I first experimented with FuzzMeasure not long after it launched and have used it a on a few speaker design projects. I’m blogging about it now however partly because it’s recently been updated to Version 4 (4.1 in the last day or two), with numerous enhancements and improvements, but also because I’ve begun to use it to illustrate the nearfield monitor reviews I write for Sound On Sound magazine. The idea is not to use acoustic measurements to turn monitor reviews into dry technical appraisals, but to use measurements to illustrate aspects of interest in any particular monitor.

The Pioneer RM07. Note the vortex generating edges on the port exit flare and the damping pads just visible inside the port.
The Pioneer RM07. Note the vortex generating edges on the port exit flare and the damping pads just visible inside the port.

The first use of FuzzMeasure in a review was in the July 2016 piece on the Pioneer RM07. One interesting technical feature of the RM07 is the effort made to suppress port ‘organ pipe’ resonance, and I illustrated this in the review by using FuzzMeasure to generate port mouth response measurements of the RM07 and a not dissimilar, unnamed speaker (in which no apparent effort had been made to suppress those port resonances).

Pioneer RM07 port output
Pioneer RM07 port output

The first curve shows the Pioneer RM07’s well behaved port output. Apart from a couple of minor, potentially resonant features, the output decays slowly into noise. The second curve however shows that the port output of the unnamed speaker is characterised by a series of resonant features. While probably not being specifically audible, these features will likely add to the overall character of the speaker.
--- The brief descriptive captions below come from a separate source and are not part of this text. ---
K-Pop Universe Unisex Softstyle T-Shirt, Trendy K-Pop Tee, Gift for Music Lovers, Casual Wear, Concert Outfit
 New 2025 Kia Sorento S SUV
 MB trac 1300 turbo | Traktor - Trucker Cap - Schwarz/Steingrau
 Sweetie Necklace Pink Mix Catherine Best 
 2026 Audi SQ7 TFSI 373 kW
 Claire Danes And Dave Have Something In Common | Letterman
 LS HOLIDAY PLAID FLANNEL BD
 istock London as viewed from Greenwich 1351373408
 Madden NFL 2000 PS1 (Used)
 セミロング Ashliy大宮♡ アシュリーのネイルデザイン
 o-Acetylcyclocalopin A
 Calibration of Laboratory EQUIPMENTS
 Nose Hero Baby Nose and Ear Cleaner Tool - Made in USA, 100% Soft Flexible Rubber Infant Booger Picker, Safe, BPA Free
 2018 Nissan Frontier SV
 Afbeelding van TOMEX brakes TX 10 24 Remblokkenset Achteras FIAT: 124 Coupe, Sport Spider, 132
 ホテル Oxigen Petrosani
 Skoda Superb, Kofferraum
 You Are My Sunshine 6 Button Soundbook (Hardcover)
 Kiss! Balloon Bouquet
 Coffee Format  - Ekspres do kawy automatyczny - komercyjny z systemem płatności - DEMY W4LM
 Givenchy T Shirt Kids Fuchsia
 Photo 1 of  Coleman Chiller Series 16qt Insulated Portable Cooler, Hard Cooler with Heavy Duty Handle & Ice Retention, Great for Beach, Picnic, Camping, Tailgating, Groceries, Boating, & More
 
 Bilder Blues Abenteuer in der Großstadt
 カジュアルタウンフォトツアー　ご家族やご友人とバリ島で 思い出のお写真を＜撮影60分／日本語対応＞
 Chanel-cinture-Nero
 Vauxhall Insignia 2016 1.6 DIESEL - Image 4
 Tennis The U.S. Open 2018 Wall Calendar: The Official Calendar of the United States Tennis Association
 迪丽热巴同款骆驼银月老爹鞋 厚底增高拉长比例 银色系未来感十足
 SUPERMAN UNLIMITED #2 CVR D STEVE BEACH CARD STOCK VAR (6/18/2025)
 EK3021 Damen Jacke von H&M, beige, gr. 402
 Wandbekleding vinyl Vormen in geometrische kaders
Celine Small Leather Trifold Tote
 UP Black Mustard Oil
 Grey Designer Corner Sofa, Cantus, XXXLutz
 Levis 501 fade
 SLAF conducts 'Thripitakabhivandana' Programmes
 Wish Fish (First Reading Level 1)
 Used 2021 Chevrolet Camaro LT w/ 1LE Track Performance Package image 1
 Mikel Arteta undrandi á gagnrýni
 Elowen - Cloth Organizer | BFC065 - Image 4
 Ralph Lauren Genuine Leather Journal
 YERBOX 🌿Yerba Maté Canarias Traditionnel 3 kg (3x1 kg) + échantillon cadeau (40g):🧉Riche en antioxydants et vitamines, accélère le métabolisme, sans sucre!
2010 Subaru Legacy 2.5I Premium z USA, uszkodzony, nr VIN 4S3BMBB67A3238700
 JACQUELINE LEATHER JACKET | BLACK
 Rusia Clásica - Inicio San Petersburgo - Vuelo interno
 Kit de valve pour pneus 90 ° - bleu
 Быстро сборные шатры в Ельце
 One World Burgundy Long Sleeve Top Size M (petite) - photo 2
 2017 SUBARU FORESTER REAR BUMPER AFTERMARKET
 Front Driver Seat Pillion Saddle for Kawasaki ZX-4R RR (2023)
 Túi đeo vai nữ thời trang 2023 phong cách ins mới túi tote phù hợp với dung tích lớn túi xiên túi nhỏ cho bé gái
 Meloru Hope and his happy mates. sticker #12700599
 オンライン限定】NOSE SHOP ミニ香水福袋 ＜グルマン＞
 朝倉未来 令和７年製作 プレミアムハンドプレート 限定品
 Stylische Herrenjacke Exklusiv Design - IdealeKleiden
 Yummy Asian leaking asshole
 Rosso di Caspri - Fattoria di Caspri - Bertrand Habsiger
It would be a better speaker if they were dealt with.

No-name speaker port output
No-name speaker port output

The delight of FuzzMeasure, apart from the fact that I don’t need a clunky old PC in order to do electro-acoustics, is the ease and simplicity it brings to measuring speakers. It made feasible the very idea of incorporating measurements in Sound On Sound monitor reviews.


2 thoughts on “Getting The (Fuzz) Measure

  1. Great article. Thanks. I’ve used FuzzMeaure for analyzing impulse responses and looking at RT60(and it’s variants) for large room acoustic studies and sound reinforcement tasks. I would upgrade to the latest version if my pocketbook would allow it. Maybe someday I will be able to upgrade.


    1. Thanks Jeremy, glad you like the piece. Seems to me FuzzMeasure is a really cool app whatever version you have. So I wouldn’t lose to much sleep over not having the latest version.